Custom fonts / colors	Mammoth maps semantic styles (bold, italic, headings) but ignores visual-only formatting like font family, size, and color.
Table of contents	Word TOC fields are not resolved — they appear as static text or are omitted.
Footnotes / endnotes	Converted to inline text rather than Markdown footnote syntax.

Tip

For best results, use Word's built-in heading styles (Heading 1, Heading 2, etc.) rather than manually formatted bold text. Mammoth relies on styles, not visual formatting.

PowerPoint Import (PPTX)

PowerPoint presentations are converted using the python-pptx library.
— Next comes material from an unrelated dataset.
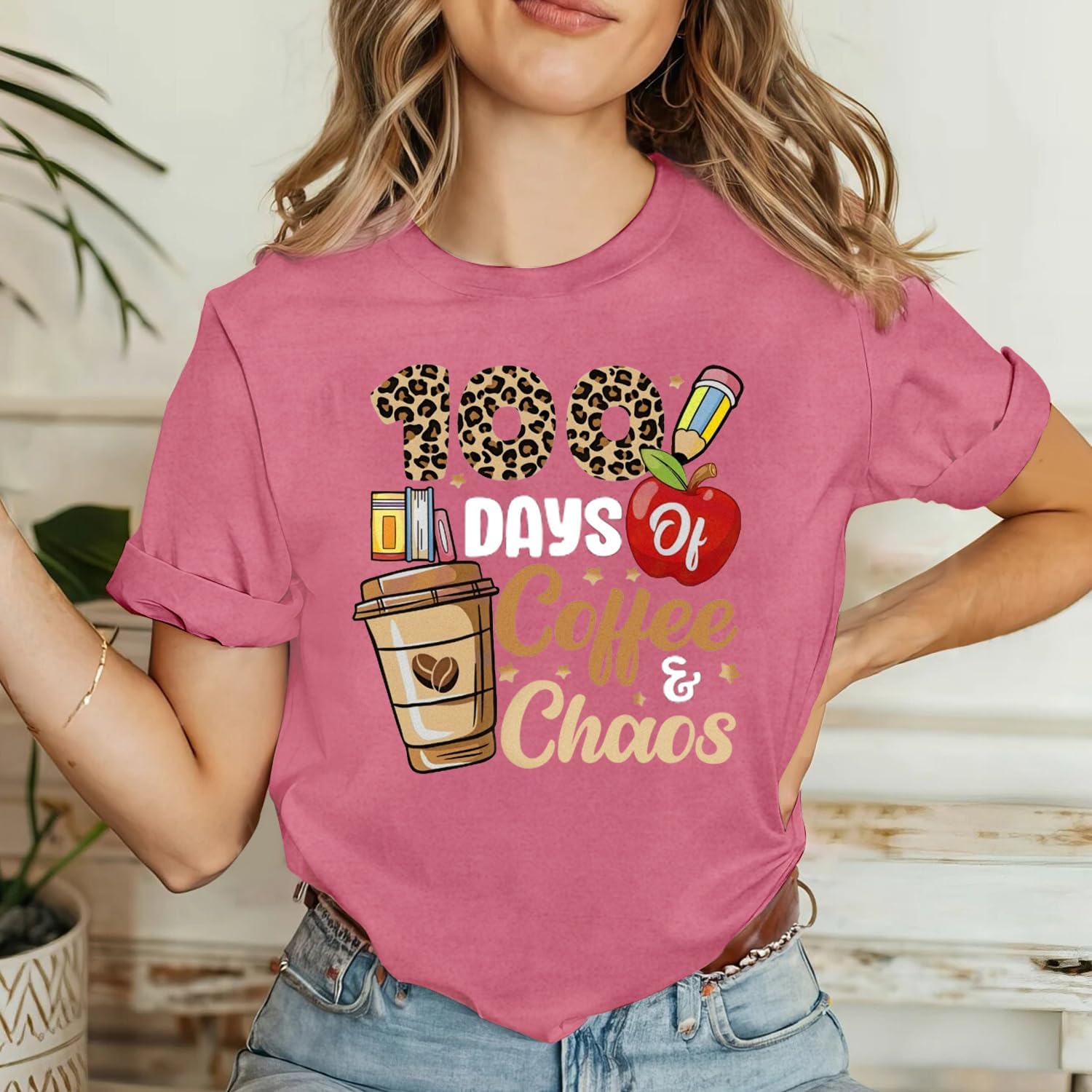 100 Days of School Shirts for Women 100th Day Teachers T-Shirts 100 Days of Coffee and Chaos Short Sleeves - Image 4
Each slide becomes a section in the output Markdown.

What's supported

Feature	How it's handled
Slide titles	Each slide title becomes an `## H2` heading
Untitled slides	Get a fallback heading `## Slide N`
Body text	Extracted with paragraph structure preserved
Bold / italic	Preserved as `bold` and `italic`
Hyperlinks	Converted to Markdown link syntax
Indented text	Rendered as nested bullet lists based on indent level
Tables	Converted to pipe-style Markdown tables
Images	Extracted to `assets/` and referenced via Markdown image syntax
Speaker notes	Included as blockquotes (toggleable)
Group shapes	Recursed into — nested shapes are extracted individually

Speaker notes

By default, speaker notes are included as Markdown blockquotes beneath each slide:

## Quarterly Review

Revenue increased by 15% over the prior quarter.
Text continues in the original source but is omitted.